Romania’s private pensions deep in the red
The net asset value (NAV) of the mandatory private pension funds (Pillar II) has plunged by 8.5% on average in the year-to-date period at the end of September, Ziarul Financiar daily reported quoting data from the financial market’s supervisory body ASF.
The latest interest rate hike puts more pressure on the price of the bonds, which account for the largest part of the pension funds’ portfolio.
The Pillar II pension funds will thus certainly end the year with a negative performance - the first since they were set up. ASF reportedly requested the managers of private pension funds to submit their investment strategies and updated action plans for current market conditions.
The daily ends on a positive note: not many contributors have to cash their participation in the private pension funds, and most of the 7.6 mln contributors can wait “until the exchange is bottoming out”.
Anyways, it should be noted that the Pillar II funds’ loss has nothing to do with the Bucharest Exchange, are real and cannot be stopped until the interest rates return in the region where they were when the low-coupon bonds in their portfolios were purchased - which is not likely to happen soon.

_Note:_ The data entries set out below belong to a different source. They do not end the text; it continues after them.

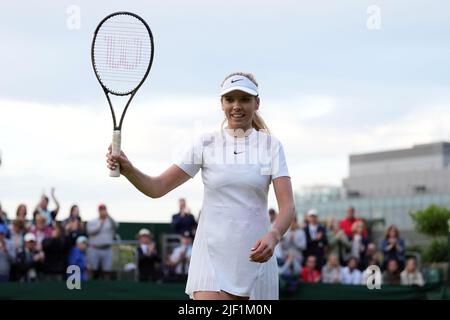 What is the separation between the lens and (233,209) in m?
6.34

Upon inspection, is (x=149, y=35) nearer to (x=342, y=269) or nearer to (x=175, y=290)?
(x=175, y=290)

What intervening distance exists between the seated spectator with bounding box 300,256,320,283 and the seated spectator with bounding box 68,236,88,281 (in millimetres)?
3284

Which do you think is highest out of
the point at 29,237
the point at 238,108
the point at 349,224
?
the point at 238,108

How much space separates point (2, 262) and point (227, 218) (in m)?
8.46

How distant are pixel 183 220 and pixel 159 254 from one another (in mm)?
666

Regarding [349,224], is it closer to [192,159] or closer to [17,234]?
[17,234]

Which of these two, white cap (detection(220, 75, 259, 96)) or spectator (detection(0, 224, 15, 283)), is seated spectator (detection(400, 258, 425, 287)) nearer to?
spectator (detection(0, 224, 15, 283))

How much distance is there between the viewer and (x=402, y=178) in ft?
326

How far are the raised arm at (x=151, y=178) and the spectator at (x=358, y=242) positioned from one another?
9.95 metres

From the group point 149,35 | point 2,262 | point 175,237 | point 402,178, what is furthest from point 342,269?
point 402,178

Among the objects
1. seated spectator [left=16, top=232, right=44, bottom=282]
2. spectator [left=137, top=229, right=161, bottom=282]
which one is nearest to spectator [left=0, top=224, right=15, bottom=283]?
seated spectator [left=16, top=232, right=44, bottom=282]

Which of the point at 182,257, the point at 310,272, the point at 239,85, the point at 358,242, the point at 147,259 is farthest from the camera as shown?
the point at 358,242

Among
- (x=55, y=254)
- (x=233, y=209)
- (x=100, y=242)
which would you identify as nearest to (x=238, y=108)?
(x=233, y=209)

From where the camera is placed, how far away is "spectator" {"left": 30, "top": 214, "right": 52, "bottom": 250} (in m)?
14.2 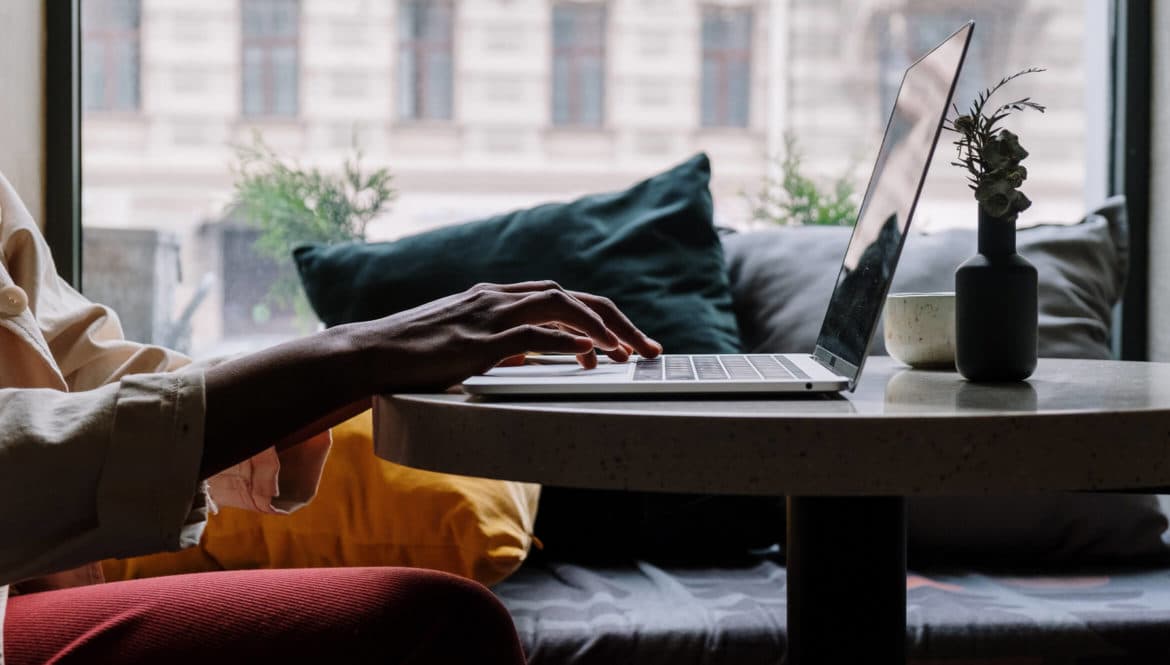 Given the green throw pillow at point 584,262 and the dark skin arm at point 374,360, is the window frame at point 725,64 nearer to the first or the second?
the green throw pillow at point 584,262

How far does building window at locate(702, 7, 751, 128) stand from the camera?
2260 mm

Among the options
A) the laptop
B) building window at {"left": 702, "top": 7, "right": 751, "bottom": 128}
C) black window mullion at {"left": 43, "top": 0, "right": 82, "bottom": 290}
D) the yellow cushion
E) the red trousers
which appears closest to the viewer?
the laptop

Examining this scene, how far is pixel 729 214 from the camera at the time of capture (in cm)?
221

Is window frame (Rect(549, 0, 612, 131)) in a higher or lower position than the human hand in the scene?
higher

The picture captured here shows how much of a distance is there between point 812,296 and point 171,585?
3.71 feet

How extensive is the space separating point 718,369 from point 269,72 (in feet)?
5.41

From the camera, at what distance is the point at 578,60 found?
7.48 ft

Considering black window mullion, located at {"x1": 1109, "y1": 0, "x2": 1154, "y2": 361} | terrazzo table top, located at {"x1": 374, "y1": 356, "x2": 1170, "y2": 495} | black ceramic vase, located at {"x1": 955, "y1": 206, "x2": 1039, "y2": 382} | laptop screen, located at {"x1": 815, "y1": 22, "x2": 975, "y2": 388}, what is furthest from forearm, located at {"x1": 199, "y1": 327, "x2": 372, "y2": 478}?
black window mullion, located at {"x1": 1109, "y1": 0, "x2": 1154, "y2": 361}

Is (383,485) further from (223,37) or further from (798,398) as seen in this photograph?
(223,37)

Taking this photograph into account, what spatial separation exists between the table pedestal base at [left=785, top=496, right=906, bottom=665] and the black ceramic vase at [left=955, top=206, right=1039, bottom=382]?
0.50 ft

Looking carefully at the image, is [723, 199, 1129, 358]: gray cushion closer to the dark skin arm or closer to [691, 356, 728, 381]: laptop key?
[691, 356, 728, 381]: laptop key

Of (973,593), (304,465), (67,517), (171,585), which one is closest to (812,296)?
(973,593)

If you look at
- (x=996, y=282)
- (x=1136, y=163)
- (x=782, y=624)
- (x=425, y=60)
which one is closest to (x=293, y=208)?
(x=425, y=60)

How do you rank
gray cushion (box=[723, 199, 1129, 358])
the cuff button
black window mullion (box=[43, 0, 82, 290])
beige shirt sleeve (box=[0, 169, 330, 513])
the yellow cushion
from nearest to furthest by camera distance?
the cuff button < beige shirt sleeve (box=[0, 169, 330, 513]) < the yellow cushion < gray cushion (box=[723, 199, 1129, 358]) < black window mullion (box=[43, 0, 82, 290])
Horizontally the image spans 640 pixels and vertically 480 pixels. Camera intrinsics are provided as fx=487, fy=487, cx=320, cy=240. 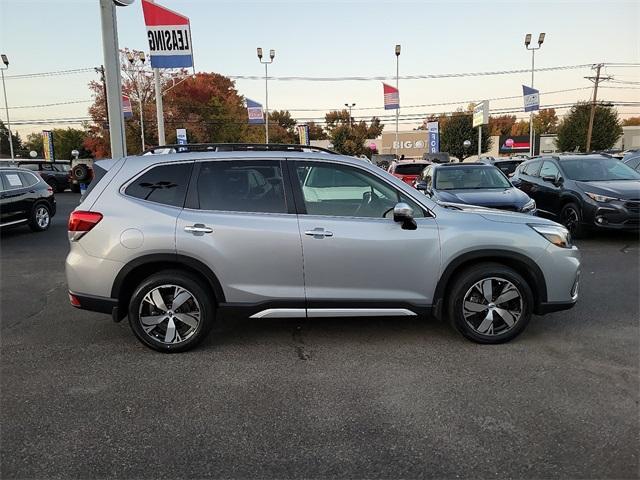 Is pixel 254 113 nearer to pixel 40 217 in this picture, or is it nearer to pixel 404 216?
pixel 40 217

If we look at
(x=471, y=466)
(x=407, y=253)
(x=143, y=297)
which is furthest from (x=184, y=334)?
(x=471, y=466)

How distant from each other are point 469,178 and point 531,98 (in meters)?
26.4

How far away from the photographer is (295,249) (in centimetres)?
414

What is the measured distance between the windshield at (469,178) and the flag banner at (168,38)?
19.0 feet

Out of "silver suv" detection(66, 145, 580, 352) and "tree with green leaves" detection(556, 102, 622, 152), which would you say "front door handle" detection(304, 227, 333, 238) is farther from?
"tree with green leaves" detection(556, 102, 622, 152)

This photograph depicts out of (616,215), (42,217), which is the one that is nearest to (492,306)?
(616,215)

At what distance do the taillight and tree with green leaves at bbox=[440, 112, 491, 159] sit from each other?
6628cm

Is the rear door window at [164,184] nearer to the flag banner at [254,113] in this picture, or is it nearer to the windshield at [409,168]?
the windshield at [409,168]

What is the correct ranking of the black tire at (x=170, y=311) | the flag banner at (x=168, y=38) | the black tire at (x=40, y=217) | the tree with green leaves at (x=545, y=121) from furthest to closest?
1. the tree with green leaves at (x=545, y=121)
2. the black tire at (x=40, y=217)
3. the flag banner at (x=168, y=38)
4. the black tire at (x=170, y=311)

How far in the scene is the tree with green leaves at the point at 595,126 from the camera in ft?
171

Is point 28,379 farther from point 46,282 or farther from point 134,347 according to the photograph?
point 46,282

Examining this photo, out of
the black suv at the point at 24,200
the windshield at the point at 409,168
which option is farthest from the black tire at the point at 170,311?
the windshield at the point at 409,168

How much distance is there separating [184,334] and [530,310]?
10.1 ft

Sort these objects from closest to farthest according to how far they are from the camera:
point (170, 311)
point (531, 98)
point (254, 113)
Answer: point (170, 311) → point (531, 98) → point (254, 113) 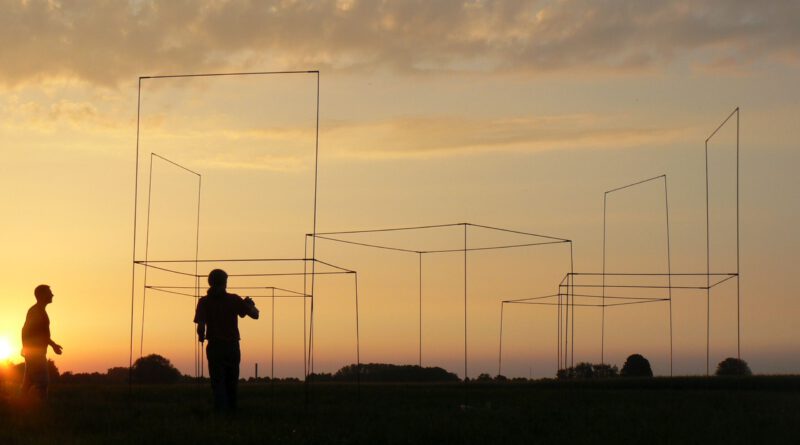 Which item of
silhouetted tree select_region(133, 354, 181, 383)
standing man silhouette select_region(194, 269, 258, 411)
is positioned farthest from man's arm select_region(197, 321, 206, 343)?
silhouetted tree select_region(133, 354, 181, 383)

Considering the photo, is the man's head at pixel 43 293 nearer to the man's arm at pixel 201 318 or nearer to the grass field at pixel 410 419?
the grass field at pixel 410 419

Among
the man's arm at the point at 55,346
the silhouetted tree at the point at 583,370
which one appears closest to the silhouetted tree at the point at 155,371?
the silhouetted tree at the point at 583,370

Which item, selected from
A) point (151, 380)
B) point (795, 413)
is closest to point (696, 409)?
point (795, 413)

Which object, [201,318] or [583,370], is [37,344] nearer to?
[201,318]

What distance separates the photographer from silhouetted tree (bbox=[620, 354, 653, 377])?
3859cm

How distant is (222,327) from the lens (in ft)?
53.2

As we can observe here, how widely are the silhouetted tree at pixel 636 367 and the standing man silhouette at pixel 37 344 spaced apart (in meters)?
24.7

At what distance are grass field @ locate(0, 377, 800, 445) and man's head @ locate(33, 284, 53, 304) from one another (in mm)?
→ 1565

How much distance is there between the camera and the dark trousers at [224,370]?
15891 millimetres

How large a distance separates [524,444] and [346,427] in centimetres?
262

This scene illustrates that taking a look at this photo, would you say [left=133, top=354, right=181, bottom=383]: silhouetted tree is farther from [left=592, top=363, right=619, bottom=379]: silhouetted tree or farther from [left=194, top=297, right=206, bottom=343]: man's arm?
[left=194, top=297, right=206, bottom=343]: man's arm

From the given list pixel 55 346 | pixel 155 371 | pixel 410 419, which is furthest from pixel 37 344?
pixel 155 371

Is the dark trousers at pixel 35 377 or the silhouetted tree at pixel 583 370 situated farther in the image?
the silhouetted tree at pixel 583 370

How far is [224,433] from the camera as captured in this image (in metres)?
11.8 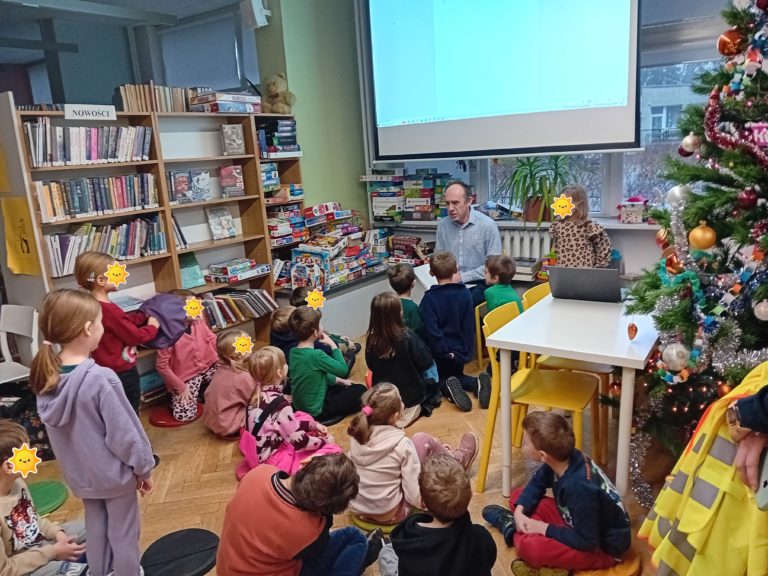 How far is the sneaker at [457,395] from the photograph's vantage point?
10.9 feet

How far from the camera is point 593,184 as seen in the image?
14.5 ft

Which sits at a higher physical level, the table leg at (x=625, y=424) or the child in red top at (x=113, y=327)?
the child in red top at (x=113, y=327)

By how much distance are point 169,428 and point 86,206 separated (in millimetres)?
1360

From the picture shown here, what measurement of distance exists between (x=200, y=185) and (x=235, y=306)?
2.84 feet

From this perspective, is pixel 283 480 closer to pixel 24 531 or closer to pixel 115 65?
pixel 24 531

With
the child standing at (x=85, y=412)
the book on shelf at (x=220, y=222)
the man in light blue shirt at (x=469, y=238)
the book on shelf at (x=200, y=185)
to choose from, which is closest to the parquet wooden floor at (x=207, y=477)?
the child standing at (x=85, y=412)

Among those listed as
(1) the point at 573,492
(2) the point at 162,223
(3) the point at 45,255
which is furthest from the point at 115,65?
(1) the point at 573,492

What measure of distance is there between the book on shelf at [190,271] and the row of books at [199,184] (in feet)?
1.30

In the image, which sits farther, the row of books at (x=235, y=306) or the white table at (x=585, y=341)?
the row of books at (x=235, y=306)

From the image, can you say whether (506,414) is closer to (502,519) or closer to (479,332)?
(502,519)

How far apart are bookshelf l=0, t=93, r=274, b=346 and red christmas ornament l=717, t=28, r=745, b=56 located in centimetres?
303

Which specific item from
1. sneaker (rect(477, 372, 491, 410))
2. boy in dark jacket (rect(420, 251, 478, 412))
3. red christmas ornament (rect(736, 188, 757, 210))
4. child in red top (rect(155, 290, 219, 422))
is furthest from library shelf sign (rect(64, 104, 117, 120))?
red christmas ornament (rect(736, 188, 757, 210))

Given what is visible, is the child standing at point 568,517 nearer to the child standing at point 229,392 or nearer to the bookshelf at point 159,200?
the child standing at point 229,392

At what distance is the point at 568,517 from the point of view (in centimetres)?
197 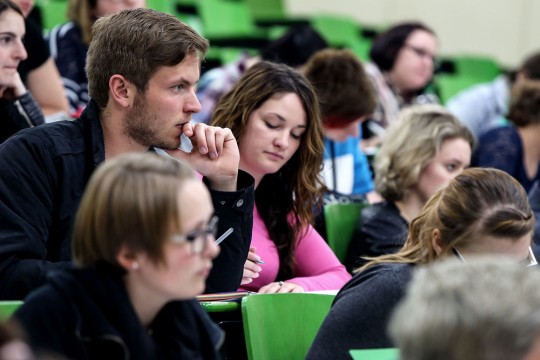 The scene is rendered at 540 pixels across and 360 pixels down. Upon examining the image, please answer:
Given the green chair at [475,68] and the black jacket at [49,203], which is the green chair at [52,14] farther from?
the green chair at [475,68]

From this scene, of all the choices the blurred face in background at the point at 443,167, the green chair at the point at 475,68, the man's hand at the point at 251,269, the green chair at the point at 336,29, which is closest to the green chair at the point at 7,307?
the man's hand at the point at 251,269

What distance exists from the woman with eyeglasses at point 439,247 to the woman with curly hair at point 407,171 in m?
1.05

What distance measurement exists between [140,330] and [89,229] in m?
0.21

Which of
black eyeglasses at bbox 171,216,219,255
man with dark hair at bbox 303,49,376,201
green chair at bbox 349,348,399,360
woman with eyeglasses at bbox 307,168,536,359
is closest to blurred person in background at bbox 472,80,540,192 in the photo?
man with dark hair at bbox 303,49,376,201

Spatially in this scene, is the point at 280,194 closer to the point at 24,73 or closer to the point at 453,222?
the point at 453,222

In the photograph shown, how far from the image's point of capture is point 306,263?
10.1 feet

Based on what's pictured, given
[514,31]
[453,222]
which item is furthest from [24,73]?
[514,31]

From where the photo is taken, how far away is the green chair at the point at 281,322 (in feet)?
7.56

In the meantime, the Government is the beneficiary of the cheap financing extended by the Pillar II fund managers, who can, in turn, invoke restrictive investment regulations that forced them to keep the diversification at a low level.
Pillar II funds are bleeding each day, and the managers have to make a difficult decision: mark the loss (and deepen it in an attempt to get rid of the bonds) or hope for a better time soon. This is perhaps the first time a differentiation among the Pillar II funds will become visible.